Earlswood Asylum! Then the creature was a lunatic. That explained the singularity of his voice, of his manner, his proceedings. An idea came into Rodney’s head. The creature was small; he felt, as he moved beside him with his hand under his arm, that he probably did not reach to his shoulder. It would be easy to leave him in the tunnel. Who cares what happens to a lunatic?
“I shouldn’t if I were you; it wouldn’t pay.”
The words were so apposite that, despite himself, Rodney started. He had not spoken. Could the creature read what was passing through his brain?
“There are times when I can read people’s thoughts just as plainly as if they had spoken them out loud, even when I can’t see their faces--really! Isn’t it odd? Oh, I am quite gifted. My argument always has been that, in a general way, a lunatic is merely abnormal, nothing more. At intervals a cloud settles on my brain; I can see, I can feel it coming; then, for an indefinite period, I am on the lap of the gods. When it passes my senses are more acute than other people’s--abnormally acute, I know it as a fact. Now you see, as I told you, we are out in the open--look! the stars are shining. Look back at the tunnel; isn’t it a horror of blackness? Like the horror I know. If we scramble up that bank we shall probably find a gap in the hedge at the top; platelayers often do leave a gap in a hedge close to the wall of a tunnel that they may descend to the line. As I told you, here’s our gap; now, over the fence, and the rest is easy sailing.”
It seemed to Rodney that since he had quitted the train something must have happened to him mentally; it was as if, all at once, he were playing a part in a dream. In silence, without offering the least remonstrance, he had suffered the stranger to pilot him out of the tunnel, up the steep bank beyond--to dominate him wholly. Now, except that they seemed to be standing in an open space of considerable size, he had not the dimmest notion of their whereabouts; but to the stranger it all seemed plain.

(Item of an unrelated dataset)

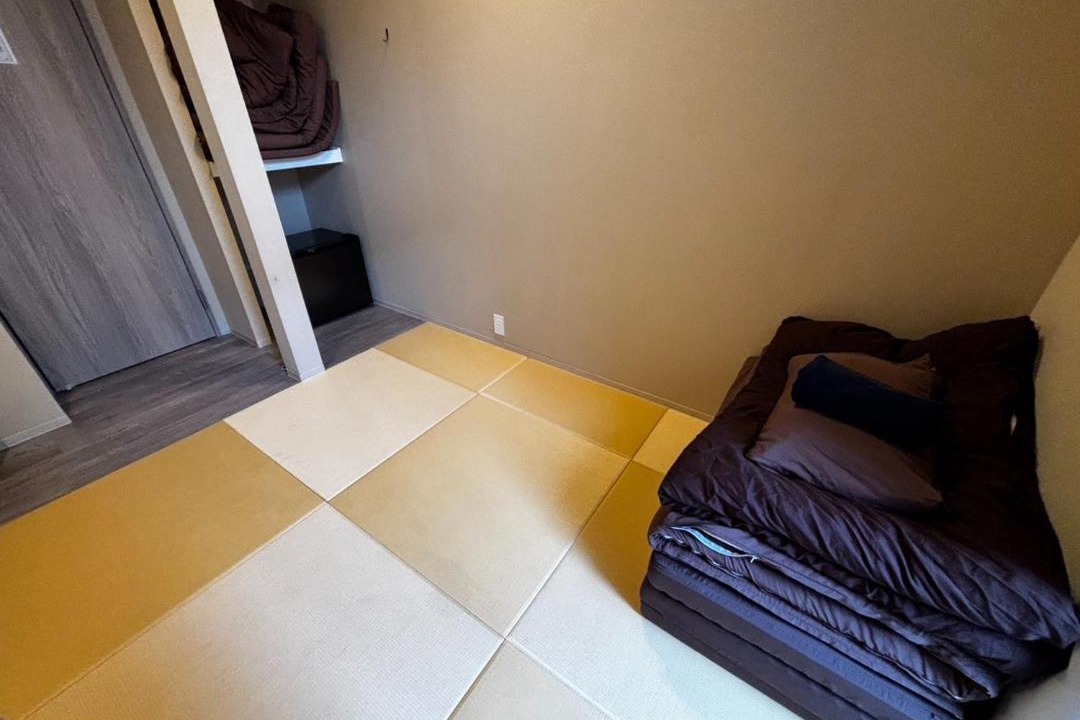 Photo of Bedroom in Koenjikita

“That big building on our right’s an orphanage--St. Anne’s; I believe we’re on their ground. If we keep straight on to our left we shall come to the high road, from which it is only a few minutes to Redhill station, whence we shall continue our journey to town. Quite an interesting episode this has been, has it not? I am indebted to you for much entertainment. I have seldom had so much enjoyment in a train, Mr. Elmore.”
The creature knew his name! How? Who was he? What did it mean? Again he was conscious of an impulse to take him by the throat and--resolve the question in his own fashion. How came the creature to know his name? Although he had uttered no articulate sound, he had his answer.